Tromso is another city in Northern Norway, above the Arctic Circle. Tromso is known as “The Gateway to the Arctic” and is one of the best places in the world to see the Northern Lights. In the summer, Tromso has two straight months of Midnight Sun.
Tromso is also famous for the Tromso fjords which can be seen on a variety of different cruise options, from afternoon excursions to overnight cruising. While in town, you might enjoy a stop at the Polar Museum, which displays the history of Arctic exploration. The Arctic Cathedral is a landmark building in Tromso, and in addition to church services, hosts many concerts throughout the year. From Tromso, you can take the Fjellheisen Cable Car up 421m to a viewing platform and restaurant, with excellent views of the surrounding area. Dog Sledding is also a popular tourist activity in Tromso.
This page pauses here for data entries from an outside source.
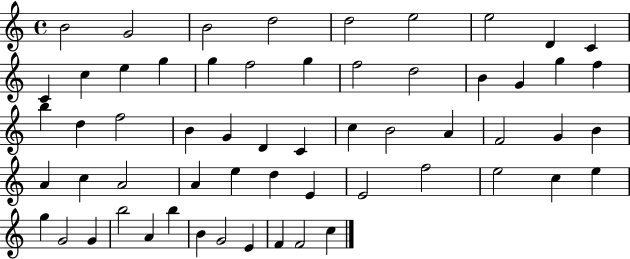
X:1
T:Untitled
M:4/4
L:1/4
K:C
B2 G2 B2 d2 d2 e2 e2 D C C c e g g f2 g f2 d2 B G g f b d f2 B G D C c B2 A F2 G B A c A2 A e d E E2 f2 e2 c e g G2 G b2 A b B G2 E F F2 c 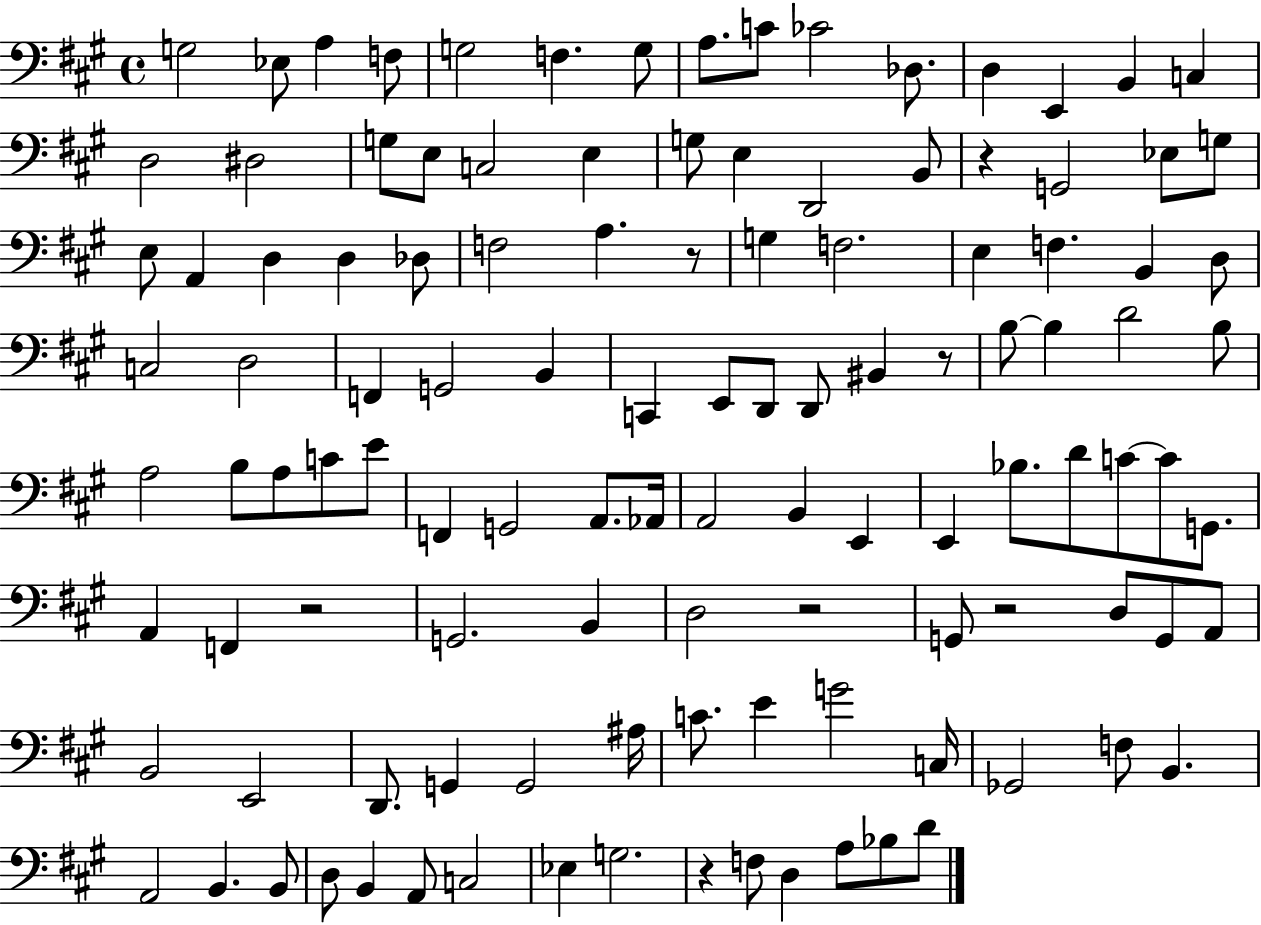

Lillehammer is a ski resort town in Southern Norway, famous for hosting the 1994 Winter Olympics. You can learn about the Olympic Games and take part in a bobsled simulator at the Norwegian Olympic Museum. Many features from the Olympic Games are still present today, including the ski jump, bobsled track and the luge track. Long before the Olympics, ski resorts like Hafjell drew skiiers to the slopes above Lillehammer.
Kystriksveien, also known as the Coastal Route, follows County Road 17 from Bodo to Steinkjer. Over 600 kilometers and six ferry crossings, you can make a whole week out of following this route along the coast, stopping in one of the 28 towns and villages along the way.
Atlantic Ocean Road
Another scenic drive is the Atlantic Ocean Road, which is a short (8km) section of County Road 64. It is famous for connecting many small islands through the use of causeways, viaducts and bridges, including the Storseisundet Bridge.
Pulpit Rock is one of the more famous and well-photographed landmarks in Norway. It is a large flat-topped rock, giving glimpses far below to the surrounding fjord. It is reached by hiking 6km from the mountain lodge at Preikestolen Fjellstue. There are few hotels nearby if you want an early start, or you can stay in Stavanger and take the ferry. Guided tours are available, some which include a trip on the ferry.
Trolltunga is another iconic hike in Norway. The name (Troll Tongue) gives you an idea of this rock formation; a sliver of rock jutting out over the fjord 700 meters below. This hike is very difficult, climbing 900 meters over 23-27 kilometers of hiking. There are many interesting attractions and views along the way, but you’ll need to allocate a full day to this hike.
After Pulpit Rock and Trolltunga, Kjerag is another frequently photographed natural landmark in Norway, featuring a large boulder suspended between two rock faces. Also reached from Stavanger, the hike to Kjerag is 12km and a fairly strenuous climb. Once you reach the famous rock, you can expect to wait in line for your photo opportunity, anywhere up to an hour. (Tip: try to visit when no cruise ships are in Stavanger!) Kjerag is also a popular spot for BASE jumpers.
The Geirangerfjord is one of Norway’s most popular fjords, famous for its waterfalls, and is protected by UNESCO. The region offers outdoor adventures for everyone, including hiking and whitewater rafting.
Jotunheimen is a mountainous region in southern Norway and contains the 29 tallest mountains in the country. The region also contains Jotunheimen National Park, which is popular with hikers and mountain climbers. The Norwegian Mountain Touring Association maintains several mountain lodges, as well as marked trails between the lodges.The Jotunheimen Shoe, the oldest article of clothing found in Scandinavia, was discovered here and determined to be from 1800 BC.